ヴォルフガング・フリューアは3月28日に最新作『タイムズ』をリリースしており、その内の数曲でトーマ・バンガルテルとコラボレーションをしたと謳われていた。ヴォルフガング・フリューアは1973年から1987年までクラフトワークの電子パーカッションを担当しており、脱退後も音楽活動を続けて、2015年に最初のソロ・アルバムをリリースしている。

ヴォルフガング・フリューアはここ2年間にわたってトーマ・バンガルテルとのコラボレーションの存在を示唆してきたが、アルバムがリリースされると、トーマ・バンガルテルになりすました人物と作品を作ったのではないかと報じられることになっている。

ブログ「ダフト・パンク・ヒストリアン」はアルバムについて最初に語られたのは『ブリッツド・マガジン』2023年2月号であることを指摘しており、ヴォルフガング・フリューアと音楽パートナーのピーター・デュガルはトーマ・バンガルテルの名前のフェイスブックから2022年発表の『マガジン1』に対する賛辞をもらったと語っている。トーマ・バンガルテルがダフト・パンクの一員であることを知って、ヴォルフガング・フリューアとピーター・デュガルはコラボレーションを持ちかけている。

ピーター・デュガルはそのインタヴューの誌面の写真と共に「トーマ・バンガルテルとのコラボレーションでクールなものが生まれた」とツイートしていたが、その数日後にツイートを削除しており、コラボレーションの信憑性について疑問の余地が生まれることとなっていた。

2024年1月、ヴォルフガング・フリューアはトーマ・バンガルテルとのコラボレーションについて主張を崩さず、同年9月にアルバムがリリースされると語っていた。そこでアルバムはリリースされなかったものの、今年1月にアルバムは3月にリリースすることが発表されている。

リリース元のチェリー・レッド・レコーズは今年1月にアルバムのトラックリストを公開しており、そこには「Thomas Vangarde」と表記されていた。「Vangarde」の表記はトーマ・バンガルテルの父親が匿名性を保つために使っていた偽名で、2021年のダフト・パンク解散以降、同じようなアプローチをトーマ・バンガルテルが採用した可能性もファンからは指摘されていた。

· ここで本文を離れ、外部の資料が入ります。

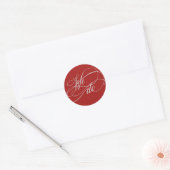 Elegant We doen een rood bruiloft. Ronde Sticker (Envelop)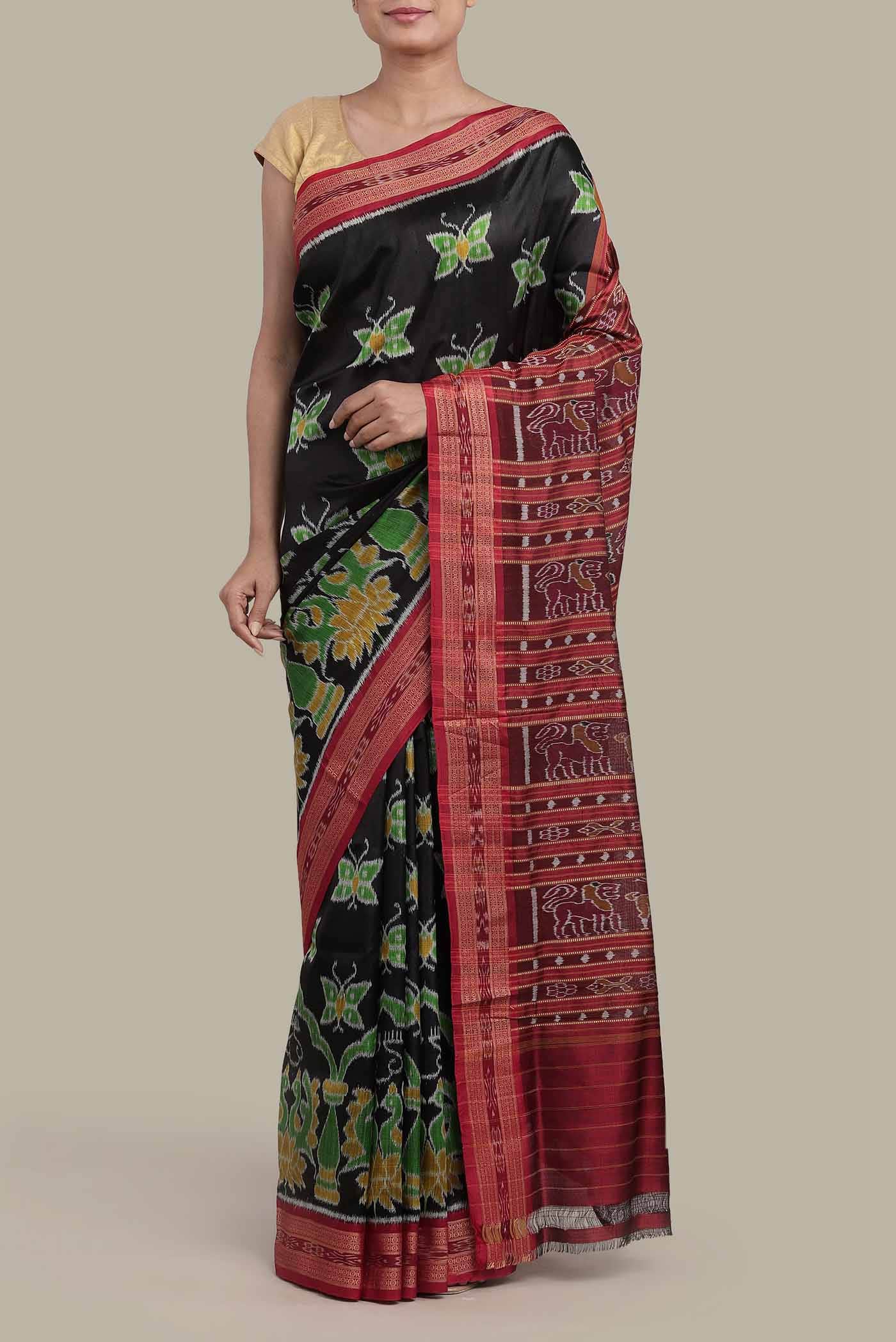 Bottle Green Orissa Silk Saree - Image 5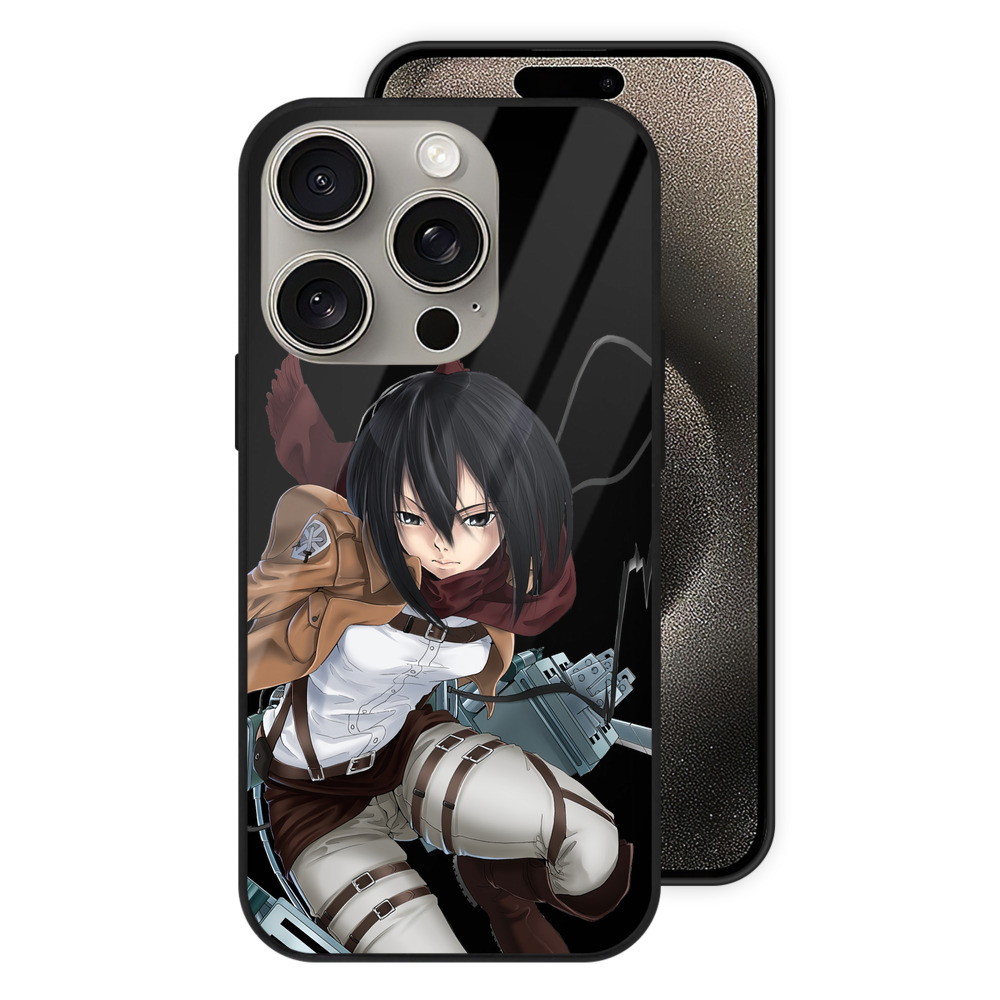 （画像用） 進撃の巨人 ミカサ·アッカーマン Attack on Titan Mikasa Ackerman 【iPhone15Pro対応】スマホケース 耐衝撃＆黄変防止 背面ガラス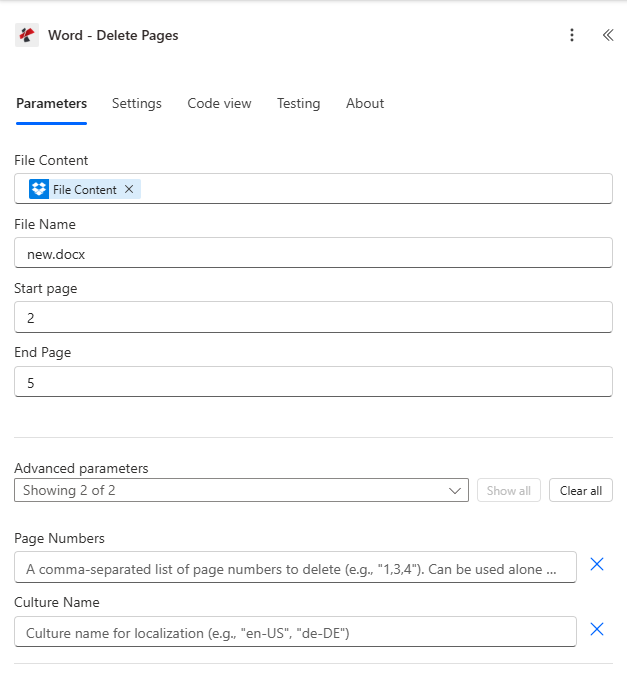 Clicca per ingrandire Elimina pagine Power Automate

ヴォルフガング・フリューアはベン・カーデューとのインタヴューでコラボレーションについて次のように語っている。「彼がソーシャル・メディアでメッセージを送ってくれたんだ。『マガジン1』のアルバムを聴いて、絶賛してくれたんだよ。『素晴らしいアルバムで、サインをしてくれないだろうか? アルバムを集めているんだけど、個人的にサインしたものじゃないとダメなんだ。みなさんのことが大好きで、クラフトワークがいなかったら、ロボットで、ヘルメットをステージで被るスタイルは生まれなかった。ヴォルフガング、君のことも大好きだよ。アルバムを送ってもらえないだろうか?』と言われたんだ」

「その後、私から『ちょうど宇宙をテーマにしているところで、曲に参加してもらえないだろうか?』と言ったら、『私も宇宙は大好きで、すでにアイディアはあるんだ、ヴォルフガング。使ってもらえるかな? 2日くれるかい。探さなきゃいけないんだ。新しくやるわけじゃない。使ってもらえると思うよ』と返ってきてね。そうして送ってくれたものはキーが合わなかったんだけど、キーを変えて、ちょっとテンポを修正したら、途中のパートで使えるものになって、ピーター・フックのベースと合わせたんだ。うまくいったと思う」

しかし、3月28日にアルバム『タイムズ』がリリースされるとダフト・パンクの関係者は「Thomas Vangarde」がトーマ・バンガルテルではないとソーシャル・メディアで述べている。

「大切なお知らせ:ヴォルフガング・フリューアの最新作でThomas Vangardeがクレジットされていますが、これがトーマ・バンガルテルであるという憶測や報道がありました。これは事実ではありません。残念ながらプロジェクトに参加しているのはダフト・パンクのトーマ・バンガルテルではなく、それ以外のニュースは不正確なものです」

各種ストリーミング・サービスでは「Thomas Vangarde」のクレジットは依然として表記されたままとなっている。

トーマ・バンガルテルはダフト・パンク解散後も音楽作品をリリースしており、バレエに提供したソロ・アルバム『ミソロジーズ』を2023年4月にリリースしているほか、サルヴァドール・ダリを6人の俳優が演じた映画『DAAAAAALÍ』のサウンドトラックも手掛けている。